» Your instructions
Using the entries below, transcribe exactly the line containing "Wayne County Airport" and each line that follows it to the end.

** Information given follows **

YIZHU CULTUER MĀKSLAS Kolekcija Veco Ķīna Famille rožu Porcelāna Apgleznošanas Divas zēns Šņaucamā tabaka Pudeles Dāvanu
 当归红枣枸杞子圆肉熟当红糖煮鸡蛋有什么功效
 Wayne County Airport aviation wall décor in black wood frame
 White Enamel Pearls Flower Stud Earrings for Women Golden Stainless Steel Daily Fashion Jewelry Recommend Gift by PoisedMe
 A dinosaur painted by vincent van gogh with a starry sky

** End of Information given **

» Response to this task
 Wayne County Airport aviation wall décor in black wood frame
 White Enamel Pearls Flower Stud Earrings for Women Golden Stainless Steel Daily Fashion Jewelry Recommend Gift by PoisedMe
 A dinosaur painted by vincent van gogh with a starry sky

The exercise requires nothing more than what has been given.